次期監督はハリルホジッチ氏!優先順位変更、3月上旬にも合意へ

[ 2015年2月28日 05:30 ]

日本代表監督就任が決定的となったハリルホジッチ氏

 日本代表の次期監督に前アルジェリア代表監督のバヒド・ハリルホジッチ氏(62)が就任することが27日、決定的となった。第1候補に挙げていたカタール1部ラフウィヤ監督のミカエル・ラウドルップ氏(50)は所属クラブとの契約を6月まで残し、本格交渉開始のメドが立たないため方針を転換。ハリルホジッチ氏と優先的に交渉を進めることを決め、早ければ3月上旬にも合意に達する見通しとなった。

 次期日本代表監督の人事が急展開を迎えた。日本協会が交渉の優先順位を第1候補だったラウドルップ氏からハリルホジッチ氏に切り替えた。大仁会長は「霜田はきのう日本をたちました」と、霜田技術委員長が27日にハリルホジッチ氏が拠点を置くフランス入りしたことを明言。関係者によると、ハリルホジッチ氏側との窓口を務める日本人代理人も同行しており、27日から本格交渉をスタートさせたもようだ。

 霜田技術委員長は8~21日の欧州、中東滞在でハリルホジッチ氏と接触。同氏と親交の深い元日本代表監督のオシム氏も交えて日本の目指す方向性などを伝え年俸を含めた大まかな条件面の確認作業も終えている。交渉が不調に終わった場合はラウドルップ氏に加えオリヴェイラ氏(パルメイラス監督)の就任の可能性も残すがハリルホジッチ氏が希望する古巣リール(フランス)からの監督就任オファーが届くなどの不測の事態が起きなければ近日中に基本合意に達する公算が大きい。

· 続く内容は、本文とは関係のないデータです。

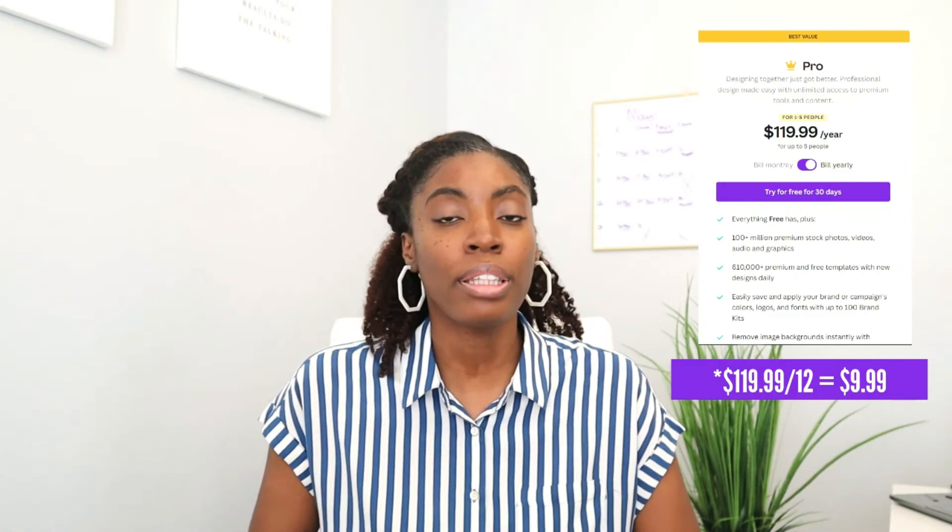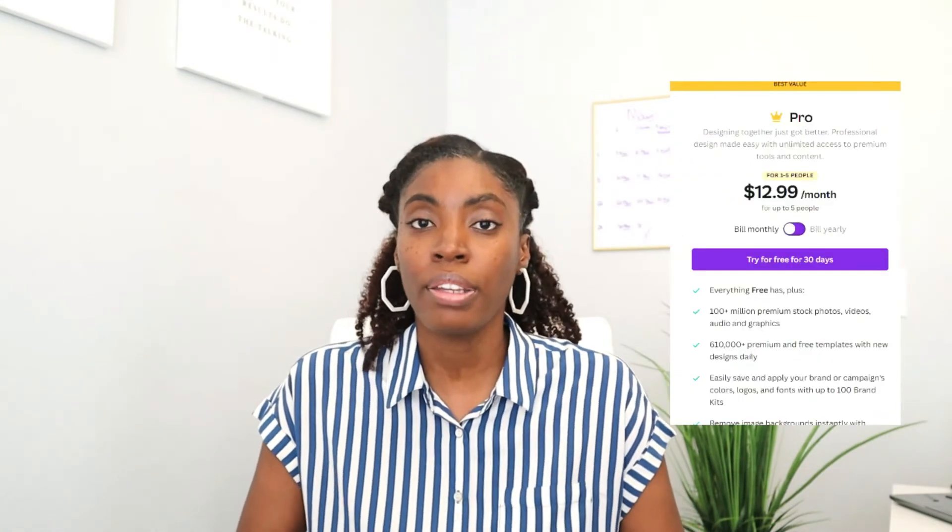In order to sell Canva templates you will need to have a Canva Pro account. You can get Canva Pro for as little as $9.95 a month if you pay annually, or it's $12.95 a month. In my opinion, the income potential of selling Canva templates outweighs the cost of a Canva Pro account, and you can get a 30-day free trial of Canva Pro — just click the link in the description box below.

 本命だったラウドルップ氏はラフウィヤとの契約を6月まで残し、引き抜きには違約金が必要。日本協会はカタールのシーズン終了後の5月就任を視野に入れながらも3月中に内定を取りつけたい思惑があった。現在の年俸は400万ユーロ(約5億3600万円)。日本代表監督なら半額の200万ユーロ(約2億6800万円)で引き受ける意向を示すなど就任に前向きだが、リーグ、ACLの真っただ中で現時点では本格交渉開始の見通しが立たない。霜田技術委員長は最終段階までラウドルップ氏を推していたが、6月にスタートするW杯アジア2次予選までに新監督が決まらないリスクを排除するため、交渉の優先順位変更に踏み切った。

 ハリルホジッチ氏は昨夏のW杯ブラジル大会でアルジェリア代表を16強に導いた実績を持つ。早ければ3月上旬決着の可能性があり、代行監督による指揮が有力視されていた3月27日のチュニジア戦(大分)、同31日のウズベキスタン戦(東京)の采配も視野に入ってきた。原専務理事は「今は何も話せない。話せる時が来たら話します」と話すにとどめたが、表情は明るかった。スペインリーグでの八百長疑惑の告発受理によるアギーレ前監督の解任から24日。新監督決定は秒読み段階に突入した。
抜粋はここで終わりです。